How is this function different than the previous one? Consider the number of operations that will be run in this function. If the inputted data array includes ten elements, the loop inside of the function will run ten times.

Input Length Approximate Number of Operations
0 (Empty) 0
10 10
100 100
1,000 1,000
10,000 10,000

This function is in linear time, also referred to as a time complexity of O(n). As the length of the array increases in size (i.e., as n gets larger), the number of operations increases at the same rate. Notice that the table above describes the approximate number of operations. This function does have a couple of other operations, but at large numbers they do not affect the overall trend of the function.

Linear time complexity graph.

As you can see in the graph above, as the input size increases the run time increases. Because this graph is a straight line, it is referred to as linear time complexity.

Quadratic time

The function below is O(n²) time complexity, also referred to as quadratic or exponential.

function getAllAlbumTitles(data) {
  const titles = [];
  for (let artist of data) {
    for (let album of artist.albums) {
      titles.push(album.title);
    }
  }
  return titles;
}

Assume that there are 10 elements in the data array, each of which have a key called albums which has 10 albums within it. This means that for every artist 10 iterations must be completed to access each of the album titles. If that happens 10 times for each artist, approximately 100 operations must occur before the function is complete.

Input Length Approximate Number of Operations
0 (Empty) 0
10 100
100 10,000
1,000 1,000,000
10,000 100,000,000

As you can see, nested loops can lead to many operations more than the inputted array length. Quadratic formulas are unavoidable at times, but are generally considered not very performant. When working on large data sets, software developers will take care to avoid using these kind of formulas if time is of the essence.

Quadratic complexity table.

The graph above shows how increasing the input in a quadratic algorithm leads to increasing the run time. You should also notice that as the input grows larger, the curve gets steeper.

Reducing complexities

In the previous example, you may have wondered how the algorithm would be measured if each artist did not contain an album array of the same size. It's unlikely that every artist in the data set would have the exact same number of albums.

Even though the measurement could be more complex, software developers focus on the worst-case scenario. For example, the worst-case scenario could be that there are 1,000 artists and each artist has 1,000 albums. Even if some of those artists don't have that many albums, it's better to lean towards the worst-case scenario as opposed to hope for the best.

However, every data set is different. In this case, you may know that no artist in your data set has more than 20 albums. If that were the case, you may say the complexity of the function could be written as O(n 𝗑 20), or O(20n). This would represent the fact that, in the worst-case scenario, the function would perform a number of operations equal to 20 times the length of the array.

Even this, however, can be reduced. When measuring the Big O of different algorithms, it is typical to reduce constant values to 1. This means that, as long as you can assure that there is a reasonable limit to the amount of albums per artist, the function above could even be considered O(n).
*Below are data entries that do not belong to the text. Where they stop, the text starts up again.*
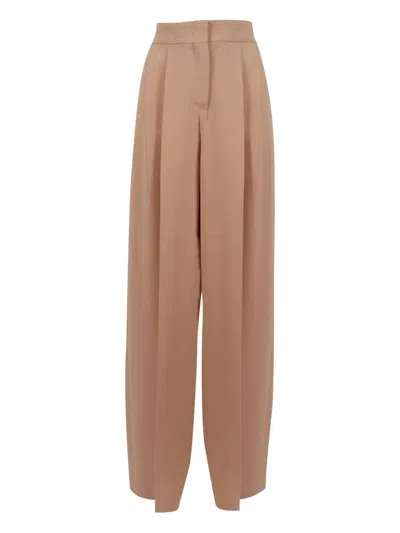 Alberta Ferretti High-waisted Tailored Pants With Straight Silhouette In Brown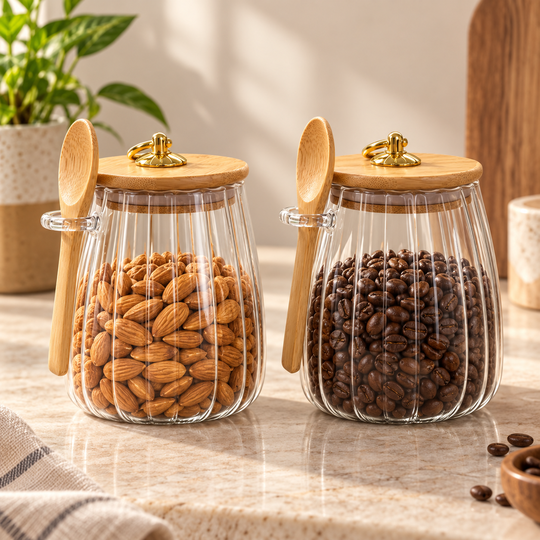 Bamboo Bloom Storage Jar pair with bamboo lids and spoons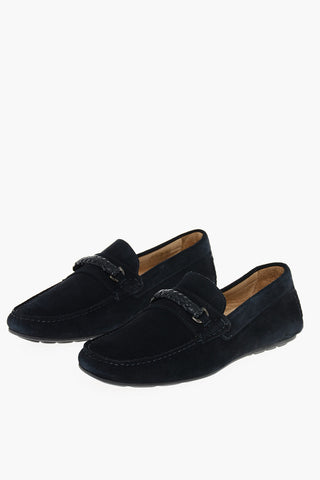 Suede Leather Loafers With Braided Detail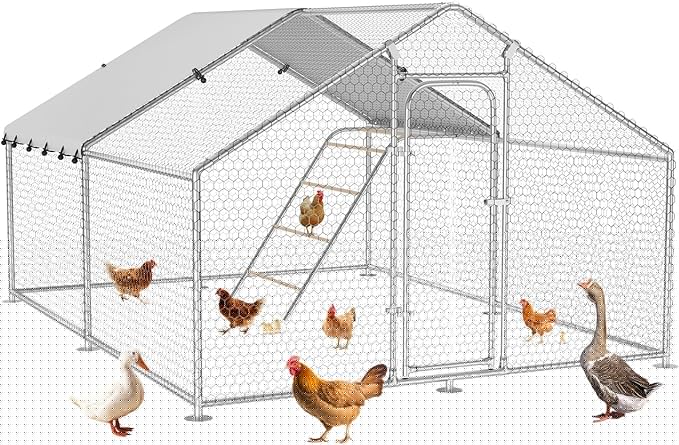 Large Metal Chicken Coop with Waterproof and UV-Resistant Cover,Chicken Run Outdoor Walk-in Cage Rabbit Duck Hen House for Yard Farm Use Spire Roof (10’ W x 9.9’ L x 6.4’ H)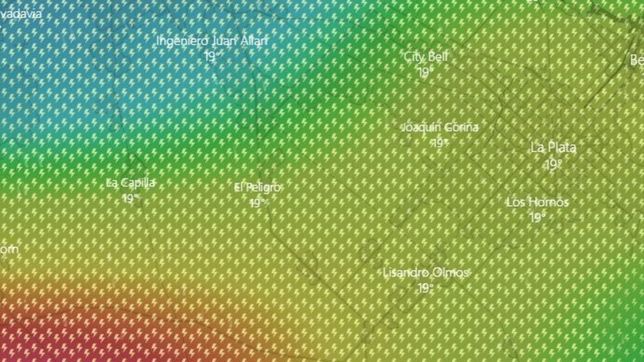 la imagen de radar que muestra como y a que hora llegara la tormenta a la plata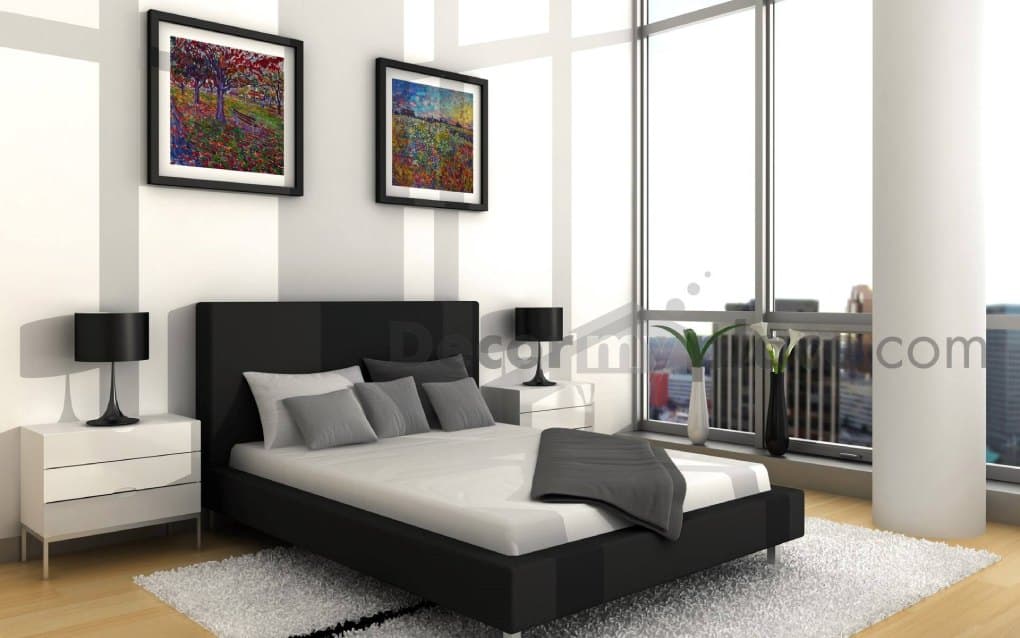 Modern-Bedroom-in-Black-White-them-incorporating-Upholstered-Bed Design Detail Banner 0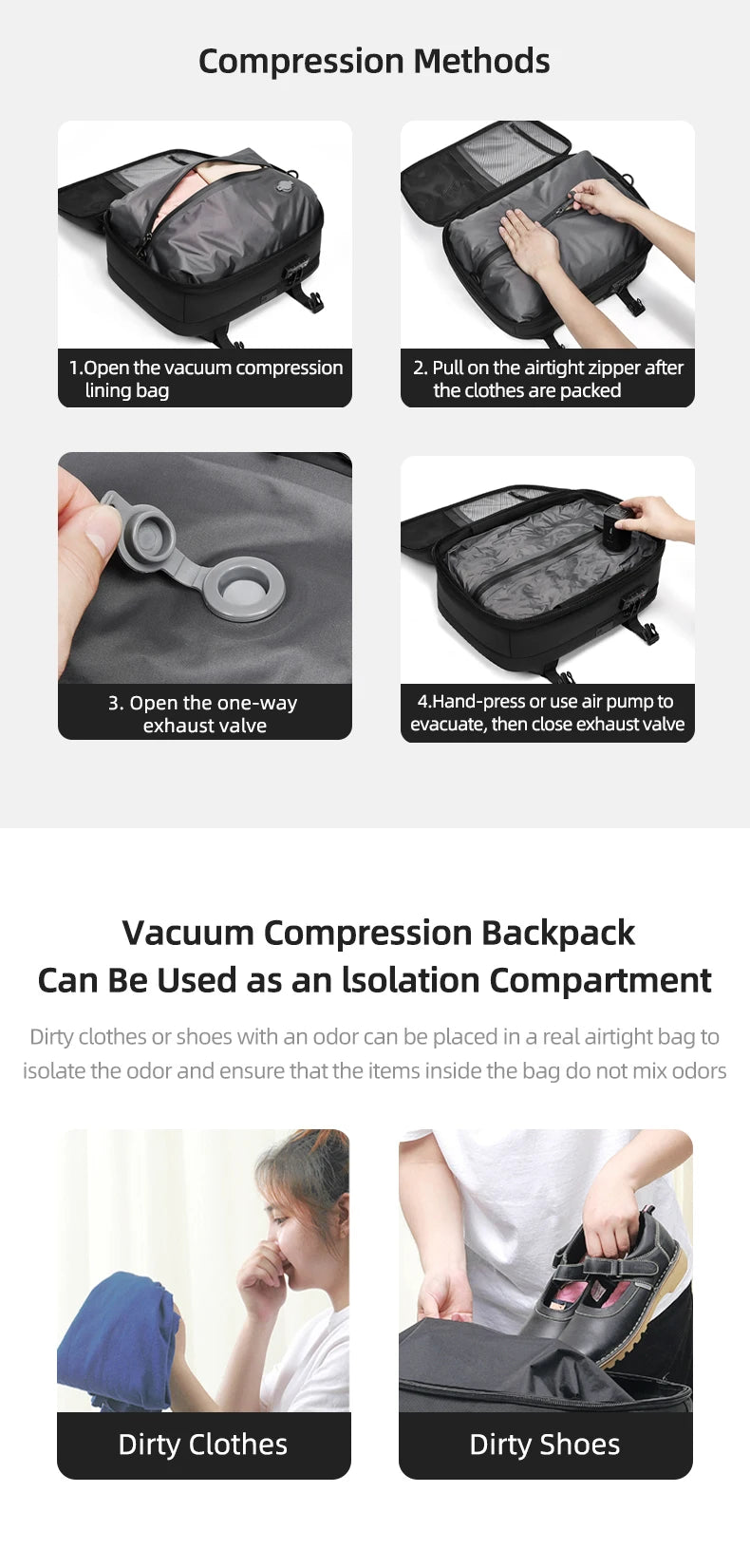 Sac à dos cabine à compression sous vide - Extensible - 40L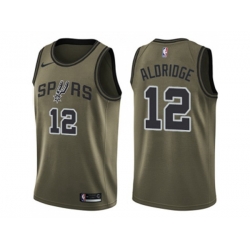 San Antonio Spurs #12 LaMarcus Aldridge Green Salute to Service NBA Swingman Jersey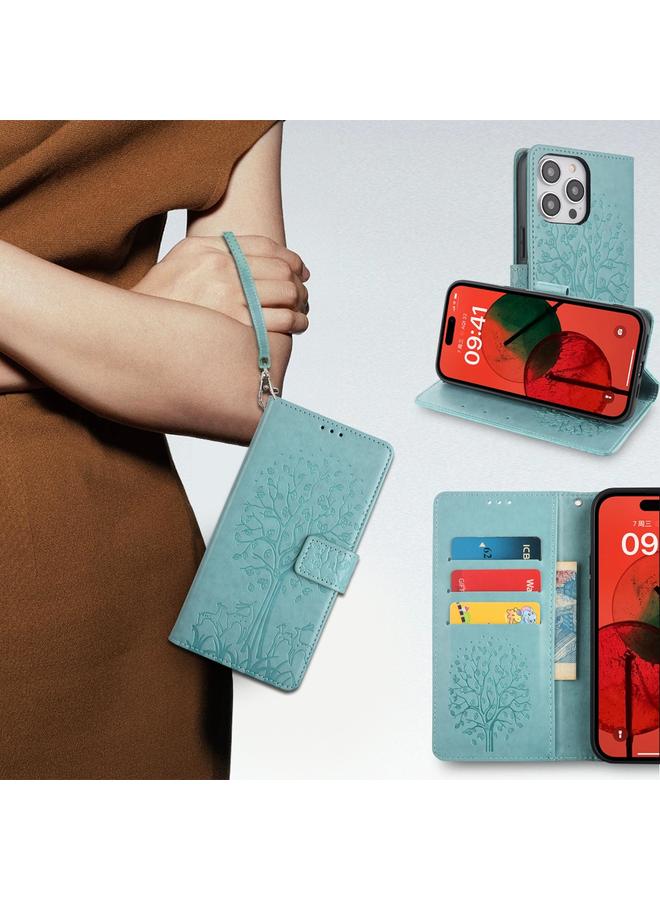 S-TOP Case For Rakuten Big S Tree & Deer Embossed Leather Phone Case - Image 2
While this specific example can allow for such nuance, when measuring algorithms as part of interviews, it is best to rely on the very worst-case scenario. So, O(n²) is still an acceptable measurement for this function, as it assumes infinitely large inputs.

Other common time complexities

The three time complexities above are some of the most common that you have already seen so far. There are two other complexities that are quite common although you may not have seen much of them.

  • Logarithmic or O(log(n)): The logarithm of a function is the inverse to an exponent. Put another way, logarithmic algorithms actually level level off as the number of inputs increases, as you can see in the graph below. Logarithmic algorithms are considered to be excellent regarding efficiency, and is typically represented by binary search.

    Logarithmic complexity.

  • Factorial or O(n!): In mathematics, the factorial of a positive integer is the product of all positive integers leading up that integer. For example, the factorial of the number 5, represented as "5!", is equal to 1 times 2 times 3 times 4 times 5. Factorial algorithms can be found where every permutation of a set of data must be accessed. They are considered very inefficient.

    Factorial complexity graph.